When Curtiss crated his airplane to head for home, he did so as an American hero. Few newspapers devoted more than a line or two of copy to note that he was being sued by two other American heroes who accused him of being a thief. On September 22, just days after he disembarked from the Kaiser Wilhelm in New York, the Aero Club of America hosted a luncheon honoring the Rheims Racer’s victory, for which Wilbur Wright was invited to share the head table. Wilbur declined to attend.*6
But Wilbur gained retribution only days later at a venue every bit as lavish and ostentatious as Reims or Brescia, except this one was in the largest and most important city in the United States.

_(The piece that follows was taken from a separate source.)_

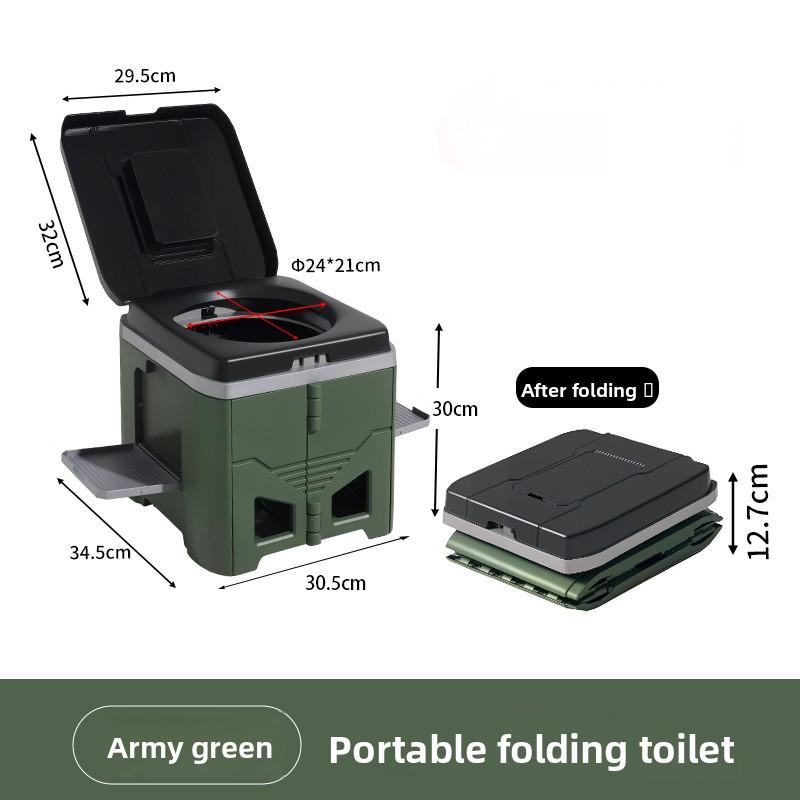 New Folding Toilet, Car-mounted Emergency Camping Toilet Stool, Adult Portable Odor-proof Outdoor Mobile Toilet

In 1905, a commission made up of New York’s most elite began planning a celebration of the three-hundredth anniversary of Henry Hudson’s discovery of the river that bore his name and the centennial (plus two years) of Robert Fulton’s sailing a steamboat on it. Members included Andrew Carnegie, William Rockefeller, William Van Rensselaer, Andrew Dickson White, Grover Cleveland, Joseph H. Choate, J. P. Morgan, Oscar Straus, and Seth Low.
The occasion was as much to celebrate the rise to preeminence of the only recently incorporated New York City as the accomplishments of two men.*7 Hudson–Fulton would be celebrated in all five boroughs; hundreds of thousands of incandescent bulbs would light the streets and the masts of ships; millions of yards of ribbon would stream from lampposts, doorways, and buildings; fifty-two American warships would take part in an international naval parade up the Hudson that would stretch for ten miles. Exact replicas of the Half Moon and the Clermont would be built, manned, and sailed. On the ground, a military parade would march up Broadway, extolling the might of a nation that had recently joined Europe in the race to empire. There would be a historical parade, a carnival parade, a children’s festival, and dedicated museum exhibits; Brooklyn would host a series of auto races. The extravaganza would attract more than one million visitors, including dignitaries from virtually every nation on earth.
Initially, the organizers had envisioned an airship display over the Hudson as one of the centerpieces of the weeklong event. Thomas Baldwin signed on early and would be the featured balloonist. As the months played out, however, it became clear that no spectacle would be complete without an exhibition of America’s acclaimed new invention, the airplane.
In early August, the committee contacted Wilbur Wright and offered $15,000 for a flight of at least ten miles or one hour, with as many trials as were needed. At first, Wilbur hesitated. New York Bay and the Hudson were considered particularly treacherous to airplanes because of unpredictable crosswinds and updrafts caused by the Palisades on the New Jersey side. A crash at such a prominent venue would be a professional as well as a personal disaster. Finally, however, the opportunity to demonstrate the Flyer’s capability to an immense domestic audience proved too tempting to refuse. Wilbur told Orville of the contract in the same August 21 letter in which he informed his brother that he had “met Mr. Toulmin at Washington for the purpose of starting suit against the Curtiss crowd.”14
After word of the Reims meet reached America, the committee cabled Curtiss and offered him $5,000 for a flight from the staging area on Governors Island to Grant’s Tomb at 122nd Street and back, a distance of about twenty miles. It is uncertain if Curtiss was aware he was being paid only a third of what had been offered to the Wrights for a flight of twice the distance but, in any event, Curtiss accepted, intending to use the Rheims Racer. Only after he returned to the United States, however, did he discover that Herring had accepted $5,000 from Rodman Wanamaker to display the Racer in Wanamaker’s department store.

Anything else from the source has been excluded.